#### Working data:
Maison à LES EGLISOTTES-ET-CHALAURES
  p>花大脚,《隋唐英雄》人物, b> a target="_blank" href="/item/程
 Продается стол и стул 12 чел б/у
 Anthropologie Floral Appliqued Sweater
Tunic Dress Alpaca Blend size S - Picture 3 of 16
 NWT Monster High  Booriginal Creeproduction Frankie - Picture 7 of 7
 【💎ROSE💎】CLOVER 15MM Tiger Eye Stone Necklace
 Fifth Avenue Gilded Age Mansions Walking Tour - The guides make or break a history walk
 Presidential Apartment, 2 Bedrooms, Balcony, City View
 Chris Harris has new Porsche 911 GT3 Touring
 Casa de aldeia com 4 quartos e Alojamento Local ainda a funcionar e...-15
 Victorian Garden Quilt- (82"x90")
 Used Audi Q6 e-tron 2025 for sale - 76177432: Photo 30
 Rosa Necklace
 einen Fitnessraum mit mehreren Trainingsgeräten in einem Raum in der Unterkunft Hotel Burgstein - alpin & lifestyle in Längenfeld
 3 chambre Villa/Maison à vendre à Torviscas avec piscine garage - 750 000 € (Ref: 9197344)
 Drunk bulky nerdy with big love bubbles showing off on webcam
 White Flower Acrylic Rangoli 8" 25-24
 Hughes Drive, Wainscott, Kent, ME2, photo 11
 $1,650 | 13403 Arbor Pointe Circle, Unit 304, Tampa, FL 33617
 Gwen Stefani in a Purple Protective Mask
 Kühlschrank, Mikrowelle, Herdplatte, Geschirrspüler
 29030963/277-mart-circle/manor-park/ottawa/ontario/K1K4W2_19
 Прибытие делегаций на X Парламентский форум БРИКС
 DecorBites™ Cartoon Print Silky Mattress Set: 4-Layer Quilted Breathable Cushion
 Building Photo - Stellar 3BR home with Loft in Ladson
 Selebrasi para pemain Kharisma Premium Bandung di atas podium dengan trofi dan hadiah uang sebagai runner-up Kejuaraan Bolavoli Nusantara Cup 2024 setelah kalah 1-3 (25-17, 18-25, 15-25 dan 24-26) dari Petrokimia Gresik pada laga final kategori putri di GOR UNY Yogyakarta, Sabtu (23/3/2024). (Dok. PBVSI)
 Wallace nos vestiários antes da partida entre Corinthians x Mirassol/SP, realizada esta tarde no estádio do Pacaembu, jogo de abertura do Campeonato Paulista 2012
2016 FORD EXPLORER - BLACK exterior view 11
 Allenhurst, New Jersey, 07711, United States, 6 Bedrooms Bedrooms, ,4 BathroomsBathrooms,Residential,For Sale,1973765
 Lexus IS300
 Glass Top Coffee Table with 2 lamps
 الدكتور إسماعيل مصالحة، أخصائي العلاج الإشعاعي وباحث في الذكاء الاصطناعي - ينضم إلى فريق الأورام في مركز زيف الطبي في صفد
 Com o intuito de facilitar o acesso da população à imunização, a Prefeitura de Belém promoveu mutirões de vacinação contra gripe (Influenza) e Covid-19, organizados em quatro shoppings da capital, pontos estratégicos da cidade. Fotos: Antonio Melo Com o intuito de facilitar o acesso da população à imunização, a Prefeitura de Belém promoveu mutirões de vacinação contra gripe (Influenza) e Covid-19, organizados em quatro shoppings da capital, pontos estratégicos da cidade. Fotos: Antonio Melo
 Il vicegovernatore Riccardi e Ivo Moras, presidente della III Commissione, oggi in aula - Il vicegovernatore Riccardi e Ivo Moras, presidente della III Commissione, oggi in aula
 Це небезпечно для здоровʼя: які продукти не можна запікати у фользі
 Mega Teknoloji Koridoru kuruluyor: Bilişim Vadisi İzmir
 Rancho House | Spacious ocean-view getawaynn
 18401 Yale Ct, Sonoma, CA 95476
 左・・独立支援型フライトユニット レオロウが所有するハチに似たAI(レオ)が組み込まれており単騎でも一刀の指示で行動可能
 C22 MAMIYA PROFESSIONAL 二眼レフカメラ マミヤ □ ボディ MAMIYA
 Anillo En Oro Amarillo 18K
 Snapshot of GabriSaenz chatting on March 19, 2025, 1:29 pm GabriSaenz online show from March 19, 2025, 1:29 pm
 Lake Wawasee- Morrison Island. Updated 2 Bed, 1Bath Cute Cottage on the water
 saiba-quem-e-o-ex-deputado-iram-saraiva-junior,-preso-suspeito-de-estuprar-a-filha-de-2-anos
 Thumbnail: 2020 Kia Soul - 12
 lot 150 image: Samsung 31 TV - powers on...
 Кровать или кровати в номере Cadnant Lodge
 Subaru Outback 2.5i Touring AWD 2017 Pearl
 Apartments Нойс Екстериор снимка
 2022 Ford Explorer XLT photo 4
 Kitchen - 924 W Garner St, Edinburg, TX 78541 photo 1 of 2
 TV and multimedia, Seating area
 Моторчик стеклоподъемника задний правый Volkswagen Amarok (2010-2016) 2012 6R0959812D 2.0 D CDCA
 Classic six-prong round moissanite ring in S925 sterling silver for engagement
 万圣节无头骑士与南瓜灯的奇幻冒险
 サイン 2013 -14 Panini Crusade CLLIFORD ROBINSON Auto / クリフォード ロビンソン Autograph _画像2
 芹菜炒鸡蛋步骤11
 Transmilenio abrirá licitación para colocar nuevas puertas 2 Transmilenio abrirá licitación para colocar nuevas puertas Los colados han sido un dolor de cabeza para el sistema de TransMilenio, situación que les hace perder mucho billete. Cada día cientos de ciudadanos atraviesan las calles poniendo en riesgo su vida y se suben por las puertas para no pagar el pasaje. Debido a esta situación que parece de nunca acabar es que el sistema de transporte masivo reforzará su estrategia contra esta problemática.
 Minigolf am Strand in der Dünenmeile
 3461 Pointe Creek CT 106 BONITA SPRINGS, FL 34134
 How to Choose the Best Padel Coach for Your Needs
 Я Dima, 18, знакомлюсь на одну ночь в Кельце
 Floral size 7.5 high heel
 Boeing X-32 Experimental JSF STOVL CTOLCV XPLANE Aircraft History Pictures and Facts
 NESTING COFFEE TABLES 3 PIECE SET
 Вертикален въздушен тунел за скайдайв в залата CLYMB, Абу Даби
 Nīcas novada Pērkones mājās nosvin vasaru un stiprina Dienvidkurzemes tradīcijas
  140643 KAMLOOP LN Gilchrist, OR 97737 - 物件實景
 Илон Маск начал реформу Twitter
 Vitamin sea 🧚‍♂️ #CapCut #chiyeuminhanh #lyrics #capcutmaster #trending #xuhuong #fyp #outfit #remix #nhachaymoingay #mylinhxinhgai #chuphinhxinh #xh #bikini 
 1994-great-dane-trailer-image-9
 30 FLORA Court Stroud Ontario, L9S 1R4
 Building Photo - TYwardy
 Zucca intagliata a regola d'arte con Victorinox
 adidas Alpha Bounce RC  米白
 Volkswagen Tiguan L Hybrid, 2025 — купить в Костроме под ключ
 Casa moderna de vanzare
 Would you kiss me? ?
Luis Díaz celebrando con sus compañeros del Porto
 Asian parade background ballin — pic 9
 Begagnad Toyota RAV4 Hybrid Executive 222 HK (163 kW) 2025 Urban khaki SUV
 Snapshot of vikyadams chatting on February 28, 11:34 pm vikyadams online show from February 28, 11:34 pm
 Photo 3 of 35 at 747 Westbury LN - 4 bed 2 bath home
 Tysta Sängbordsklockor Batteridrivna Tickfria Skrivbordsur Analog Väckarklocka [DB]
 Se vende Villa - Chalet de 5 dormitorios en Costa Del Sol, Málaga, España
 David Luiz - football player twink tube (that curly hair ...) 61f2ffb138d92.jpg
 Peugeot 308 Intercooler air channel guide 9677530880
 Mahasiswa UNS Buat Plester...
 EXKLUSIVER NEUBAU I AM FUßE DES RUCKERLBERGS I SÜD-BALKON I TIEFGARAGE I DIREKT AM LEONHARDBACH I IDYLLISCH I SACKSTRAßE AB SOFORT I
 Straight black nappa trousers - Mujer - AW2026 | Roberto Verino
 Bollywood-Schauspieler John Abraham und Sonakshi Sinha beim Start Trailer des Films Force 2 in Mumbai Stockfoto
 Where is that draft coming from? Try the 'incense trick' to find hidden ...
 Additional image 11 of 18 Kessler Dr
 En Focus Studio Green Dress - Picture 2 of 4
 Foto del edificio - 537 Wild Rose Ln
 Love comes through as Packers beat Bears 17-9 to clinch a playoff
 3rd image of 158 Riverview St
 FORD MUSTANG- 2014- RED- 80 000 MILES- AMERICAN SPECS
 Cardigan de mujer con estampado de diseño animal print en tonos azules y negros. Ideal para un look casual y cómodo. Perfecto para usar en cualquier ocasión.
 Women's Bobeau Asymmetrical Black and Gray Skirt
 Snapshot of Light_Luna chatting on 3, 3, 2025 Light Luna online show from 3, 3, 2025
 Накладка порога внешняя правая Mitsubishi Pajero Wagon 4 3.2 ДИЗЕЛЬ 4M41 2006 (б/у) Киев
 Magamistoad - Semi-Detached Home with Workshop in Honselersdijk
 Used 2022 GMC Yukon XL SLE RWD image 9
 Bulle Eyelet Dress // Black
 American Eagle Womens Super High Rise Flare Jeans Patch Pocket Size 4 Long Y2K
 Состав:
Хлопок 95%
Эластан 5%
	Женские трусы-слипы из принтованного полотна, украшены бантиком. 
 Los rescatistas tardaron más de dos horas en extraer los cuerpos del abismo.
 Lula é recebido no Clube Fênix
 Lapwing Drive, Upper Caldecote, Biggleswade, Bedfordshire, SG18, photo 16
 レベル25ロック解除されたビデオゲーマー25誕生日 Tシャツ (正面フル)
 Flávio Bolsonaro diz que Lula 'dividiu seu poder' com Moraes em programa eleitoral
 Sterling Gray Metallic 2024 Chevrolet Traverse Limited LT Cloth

#### Task requirements:
When the word "Used" shows up in a line of the entries, report that line.

#### Exercise result:
 Used Audi Q6 e-tron 2025 for sale - 76177432: Photo 30
 Used 2022 GMC Yukon XL SLE RWD image 9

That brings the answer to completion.